The COVID-19 crisis is reshaping people’s lives across the U.S., leading to new and accelerated trends in the housing market. The pandemic and the economic fallout that followed have urged many people to leave expensive urban centers in favor of suburban areas and smaller cities. However, it is still rather early to firmly say whether this trend will be permanent or just a temporary glitch.
Before the pandemic, city centers with rich cultural lives, easy access to restaurants, museums and other entertainment options were experiencing the most growth. Shelter-in-place orders and the shift to remote work have swept away the benefits of urban centers. At least for now.
Multifamily markets in high-density areas were the most affected by the health crisis. Gateway cities such as New York or San Francisco saw the steepest rent declines year-over-year, down 10.0 percent and 8.2 percent as of October, according to Yardi Matrix.
Where are people going?
As the pandemic forced people to perform most of their daily activities within the same building, space has become much more valuable, driving people to smaller, less dense cities that can offer more space for living. One of the most prevalent migration trends includes people relocating from gateway markets to secondary tech hubs, or smaller cities within the same metro, and abandoning city cores in favor of suburban areas, Yardi Matrix reports.
READ ALSO: Data Reveals America’s Urban Exodus
Although this exodus from major cities is not new, the pandemic has certainly accelerated the movement across the entire U.S. According to Mike Golden, co-founder & co-CEO of @properties, a Chicago-based brokerage firm, interest in suburban living in Chicago has increased since the coronavirus outbreak.

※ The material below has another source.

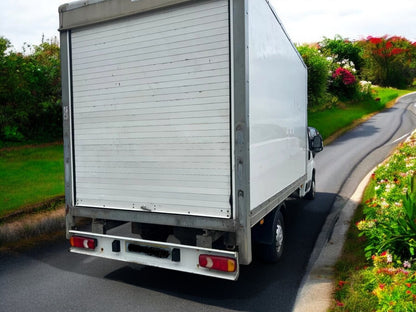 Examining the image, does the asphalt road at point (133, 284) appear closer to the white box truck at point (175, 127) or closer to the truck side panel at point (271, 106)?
the white box truck at point (175, 127)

Transaction activity in the entire metro was up by 4 percent year-to-date through October, but multifamily investments in the city itself were down, showing that suburban markets are driving overall growth. “We’ve also seen this trend exaggerated on a micromarket level. For example, unit sales in the downtown core are down by double digits, while several suburban markets have seen double-digit increases,” Golden said.
Golden also noted that there was a rise in activity among first-time buyers in more entry-level markets. For example, buyers showed interest in Plainfield, Ill., where the average home price is below $300,000. Year-to-date, unit sales for 2020 are more than 10 percent ahead of 2019.
Are cities really lifeless?
While housing demand has surged in the suburbs, there are certain city neighborhoods that are still appealing. These urban pockets are generally characterized by lower densities and a strong retail infrastructure, Golden pointed out. Chicago’s West Town and Logan Square are two neighborhoods that proved to be resilient during the economic fallout, he added.
In contrast with popular trends, Art Scutaro, vice president of project management at National Realty Investment Advisors, saw strong investor interest in core urban markets. Taking advantage of low interest rates, buyers are gravitating toward luxury townhomes and condos in core areas in places such as Brooklyn, N.Y., Philadelphia and Delray Beach, Fla., according to Scutaro.
“All our developments are in spacious, secure locations and feature ‘pandemic-hardened’ building technologies like UV light filters and other cleansing technologies, reassuring buyers who may be wary of COVID-19, but still want a central location,” said Scutaro.
Frances Khawly, an agent at the South Florida-based RelatedISG International Realty, noticed a surge in the number of people relocating to South Florida, with the most activity recorded in the single-family and condo markets, driven by specific lifestyle choices.
Referring to a recent RelatedISG report, Khawly said that she has seen a “huge exodus toward single-family homes in the second quarter of this year because so many wanted more space and control of their environment. However, single individuals and those who were not interested in taking the plunge of purchasing a single-family home continued to create activity in urban areas, specifically condos.” According to the firm’s third-quarter Miami report, condo sales increased by 33 percent in October compared to October 2019, showing a strong comeback for the condo market.
Overall, the wave of pandemic-induced relocations has created high demand in the suburbs and spurred interest in the urban condo market. Although suburban areas provide major advantages during situations such as a health crisis, in the long-term, regional growth needs to be backed up by jobs, culture and institutions that are all concentrated in the cities, Golden said.
It is without a doubt that the health crisis is altering the way people live. However, the pandemic-driven changes will ultimately make cities better places to live, work and play, according to Golden. “When the pandemic ends, there is going to be a huge desire to reconnect, and that bodes well for cities,” he concluded.